Este principio tiene aquí por función intrínseca determinar cuando un gasto es no sólo eficaz, sino eficiente desde una perspectiva de rentabilidad. Y la previsión impugnada en modo alguno es compatible con este principio, pues a lo que conduce —o puede conducir—, es a que los licitadores, en su oferta, incluyan ya como gasto tal posibilidad, lo que incrementará el precio ofertado.
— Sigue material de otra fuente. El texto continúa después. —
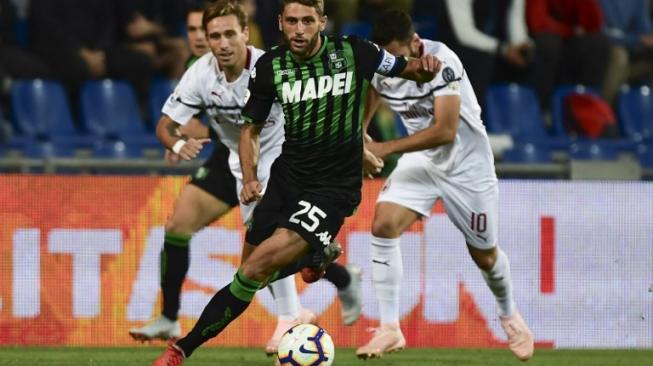 Penyerang Sassuolo, Domenico Berardi (tengah), melewati dua pemain AC Milan,  Lucas Biglia (kiri) dan Hakan Calhanoglu. Laga yang berlangsung di Stadion Mapei, Minggu (30/9/2018), ini berakhir dengan skor 4-1 untuk kemenangan AC Milan. [AFP/Miguel Medina]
Y de no haber modificaciones se estaría retribuyendo de forma manifiestamente ineficiente.

La posibilidad de que algún licitador asuma ese riesgo rompe con la regla de igualdad de trato, y es una condición que no encuentra cobertura legal y que puede, además, ocultar o amparar ofertas que pueden resultar anormales o desproporcionadas, lo que pone en riesgo la correcta ejecución del contrato (que es la auténtica causa del procedimiento de licitación).

En la gestión de la contratación pública no basta con realizar una tramitación que sea, aparentemente, conforme al principio de legalidad. Además, es necesario que se respete, junto al principio de estabilidad presupuestaria, el principio de eficiencia. Y la previsión impugnada rompe esta máxima, por lo que incurre en manifiesta ilegalidad.»